Callaway Family Association Blog

The Callaway Family Association was formed in 1975 to study the genealogy of the Callaway Surname (all spellings). Members can be found from Australia to England to Canada to the United States and number almost 600 strong. Discussions related to Callaway Genealogy are welcome here and this Blog was created for that purpose. The Callaway Family Tree Branches May Reach Out, But the Roots Run Deep.

Wednesday, November 03, 2004

1814 Map of Fort Johnson by Captain James Callaway

In the Mississippi Region, the War of 1812 was waged by Indians. Forts, both military and family, were the basic means of protection on the exposed Missouri frontier. In 1814 Zachary Taylor sent Captains Callaway and Whiteside with a group of militia to erect Fort Johnson on the east side of the Mississippi River after the militia had retreated from the battle of Credit Island. The map of the fort constructed was preserved with the letters and papers of Captain James Callaway (Flanders, James, Joseph Callaway).

James Callaway was a logical choice for such an assignment based upon his background and experience. He was the second son of Flanders Callaway and Jemima Boone Callaway, born in Fayette County, Ky., September 13, 1783, and familiar with Ft. Boonesborough from childhood. After migrating to the St. Charles District in late 1799, he engaged in the fur trade and revisited Kentucky. He frequently was involved in public activities and by 1808 was appointed cornet of a troop of militia cavalry and served as paymaster for the Clark expedition. In 1812, he was a captain of the militia and later participated in the expedition of General Howard in 1813 and the battle of Credit Island in 1814. At various times he served on the Missouri frontier with his uncles, Daniel Morgan Boone and Nathan Boone, and no doubt had the consulting experience of both his father and Daniel Boone, to whom "forting" had been a method of survival.

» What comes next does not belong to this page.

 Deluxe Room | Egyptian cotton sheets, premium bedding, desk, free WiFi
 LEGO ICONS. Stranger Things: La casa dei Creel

Captain James Callaway was killed by Indians near Loutre Creek in March 1815. The party that went in search of his body included his father, Flanders Callaway; and he, as well as two of his soldiers, were buried where they had been killed in what is now Montgomery County, Missouri.

In 1819, a new county was created from parts of Boone, Howard and Montgomery Counties. Located west of Montgomery and east of Boone on the Missouri River, the new county was named Callaway by the Territorial Legislature of Missouri to honor the memory of Captain James Callaway. It is the only county in the state named for a Missouri Ranger in the War of 1812.

The above article was written by CFA Historian, Bobbie L. Callaway, and originally published in the 1984 CFA Journal. The photo is courtesy of the Missouri Historical Society, St. Louis, MO.

ALL RIGHTS RESERVED - Copyright © 2004 Callaway Family Association

2 Comments:

Blogger Tamara said...

My name is Tamara Eugenia Carroll. Daniel Boone was my great, great, great ,great grandfather.
Flanders Callway married Jamima Boon.
My mother, Sibyl Callaway Carroll, has written a book about her parents titled "Lela and Joe"
ISBN#-13:9781587217739
496pp
Published Dec. 2000
A very good read.
Thank you, sincerely,
Tamara Carroll
tcpainter@gmail.com

February 10, 2008  
Blogger trudy said...

My name is Trudy and would really like to have more information about the Callaway family before and after James, his ancestors and children.